▶ _Working data_:
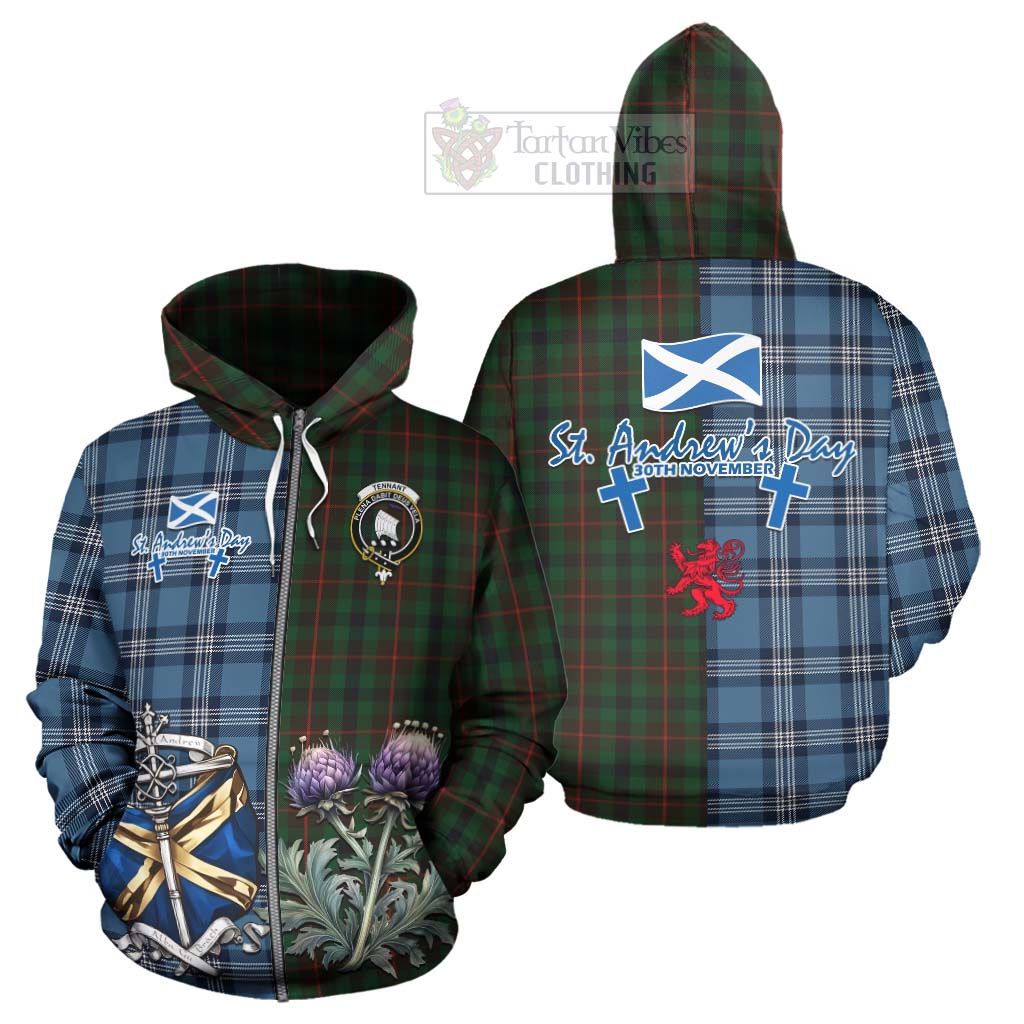 Tartan Vibes Clothing Tennant Tartan Hoodie Happy St. Andrew's Day Half Tartan Style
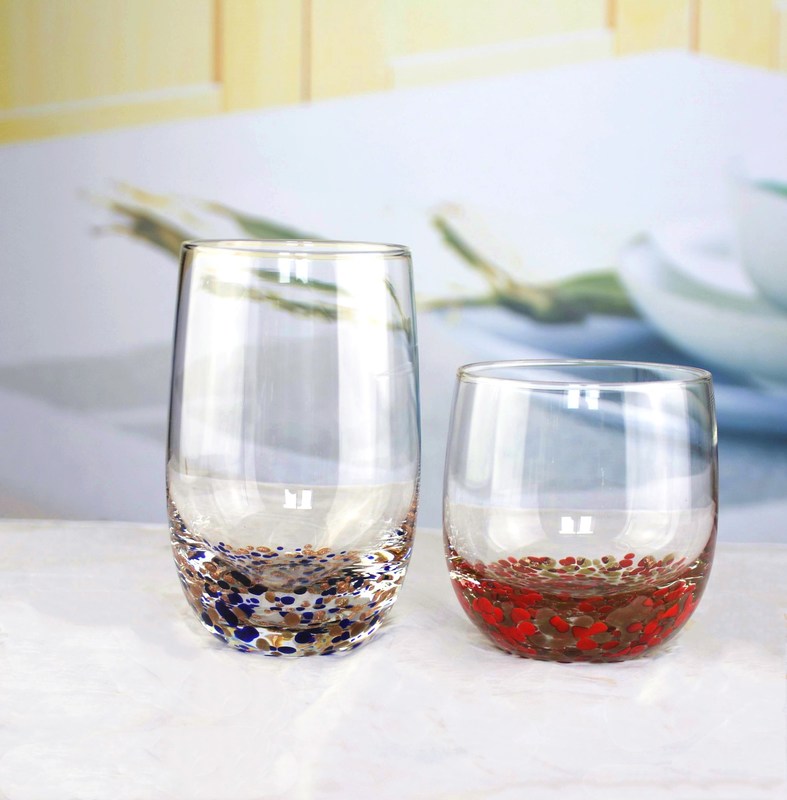 جودة Red Stars Bottomed Creative Macadam Tumbler Drinking Glasses مصنع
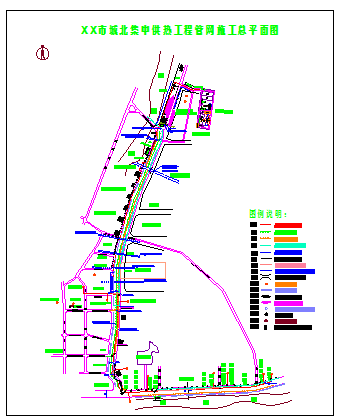某集中供热管网施工总平面图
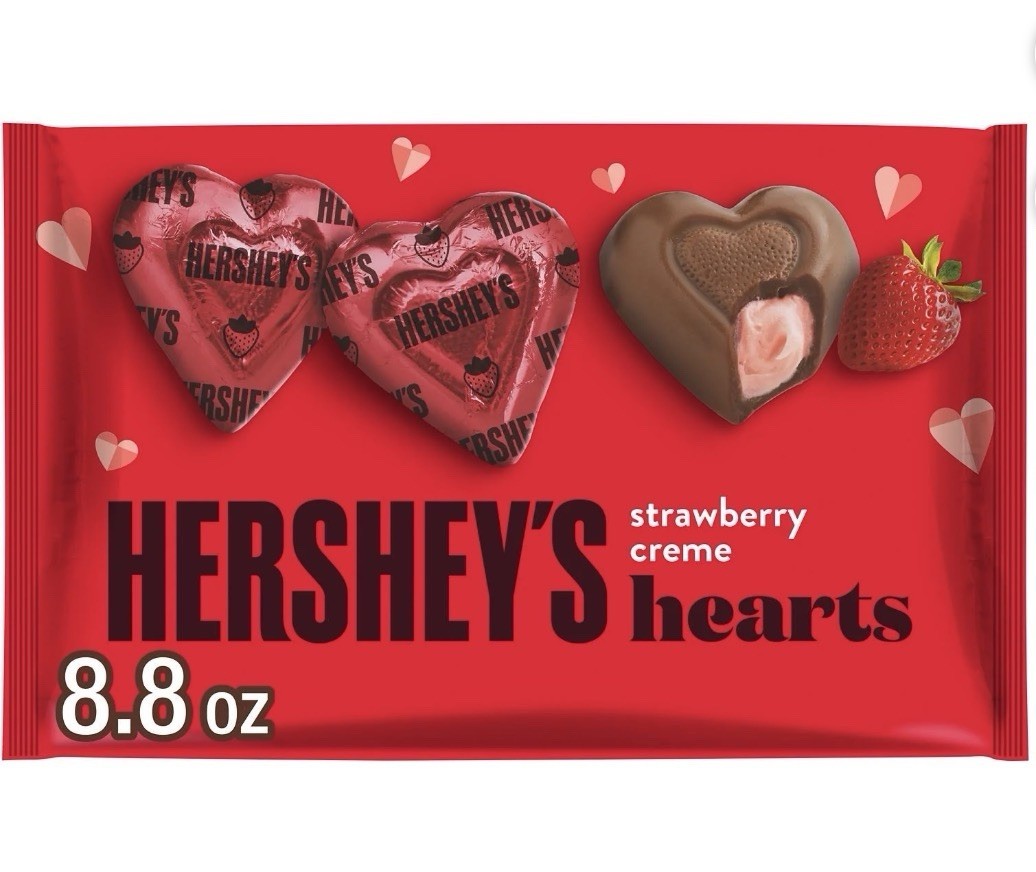 Hershey’s Milk Chocolate Hearts Strawberry Creamy Candy Bag, 8.8oz BB 8/1/2026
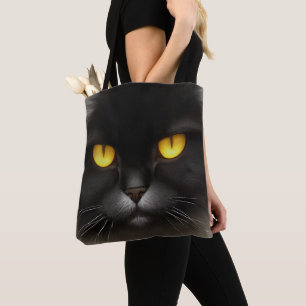Grappig Angry Fluffy Black Perzische Kitty Cat Fac Tote Bag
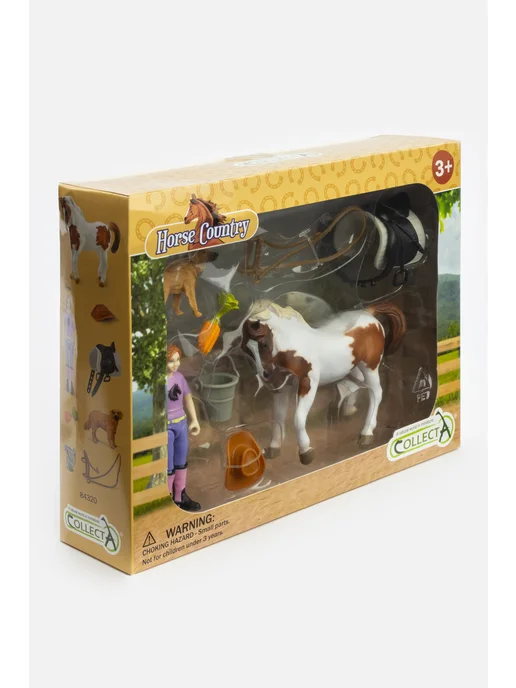 Collecta Игровой набор с фермершей, собакой, лошадью, белый
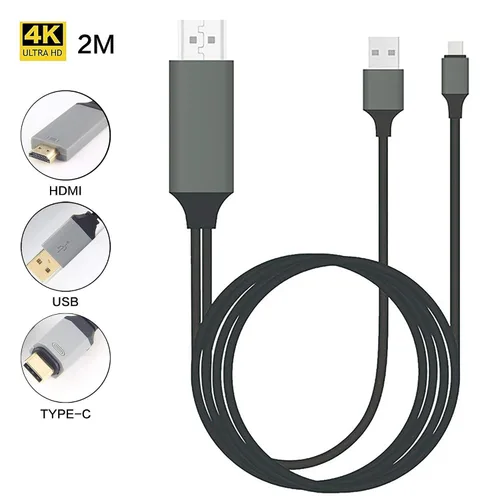 Vista 6 de PRO USB-C HDMI funciona para Xiaomi Poco X3 Pro a 4k con puerto de alimentación, cable de 6 pies a 2160p a 60Hz, cable de 6 pies/6.6 ft Gris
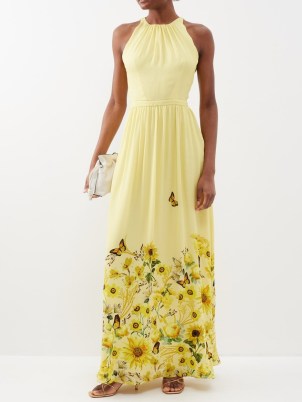 MARY KATRANTZOU Gardenia floral-print silk-georgette maxi dress – yellow sleeveless summer occasion dresses – feminine event clothing – flowers and butterfly prints on women’s clothes – luxury occasionwear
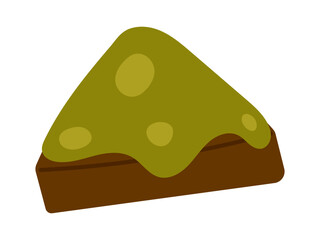 Vector Dubai chocolate triangle dessert with pistachio topping, isolated on white. Gourmet sweet treat illustration for bakery, patisserie, confectionery, premium menu.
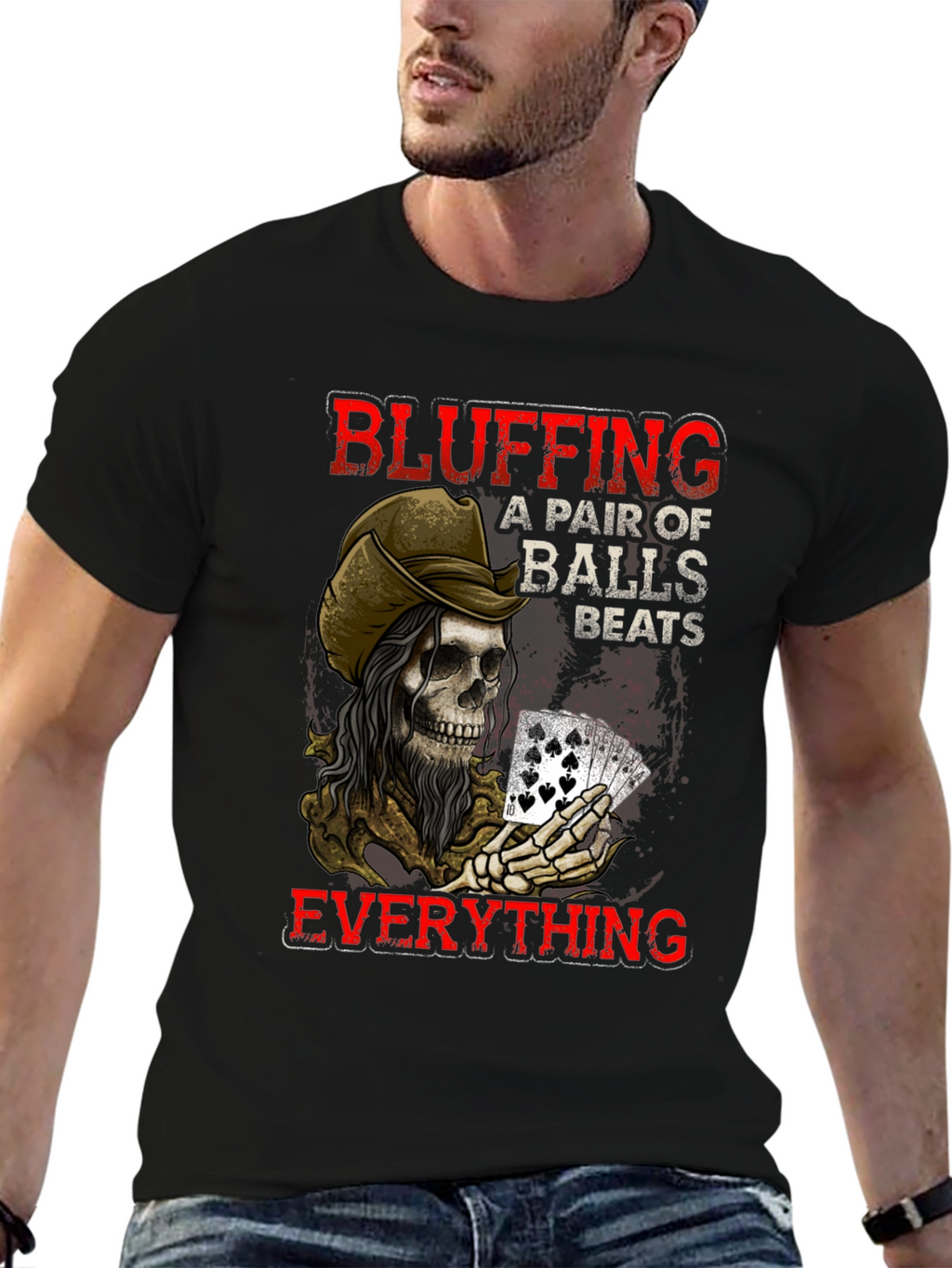 Bluffing Poker Skeleton Graphic T-Shirt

▶ _Action item_: Transcribe all records verbatim and omit each image.

▶ _Result for this task_:
 Tartan Vibes Clothing Tennant Tartan Hoodie Happy St. Andrew's Day Half Tartan Style
 جودة Red Stars Bottomed Creative Macadam Tumbler Drinking Glasses مصنع
某集中供热管网施工总平面图
 Hershey’s Milk Chocolate Hearts Strawberry Creamy Candy Bag, 8.8oz BB 8/1/2026
Grappig Angry Fluffy Black Perzische Kitty Cat Fac Tote Bag
 Collecta Игровой набор с фермершей, собакой, лошадью, белый
 Vista 6 de PRO USB-C HDMI funciona para Xiaomi Poco X3 Pro a 4k con puerto de alimentación, cable de 6 pies a 2160p a 60Hz, cable de 6 pies/6.6 ft Gris
 MARY KATRANTZOU Gardenia floral-print silk-georgette maxi dress – yellow sleeveless summer occasion dresses – feminine event clothing – flowers and butterfly prints on women’s clothes – luxury occasionwear
 Vector Dubai chocolate triangle dessert with pistachio topping, isolated on white. Gourmet sweet treat illustration for bakery, patisserie, confectionery, premium menu.
 Bluffing Poker Skeleton Graphic T-Shirt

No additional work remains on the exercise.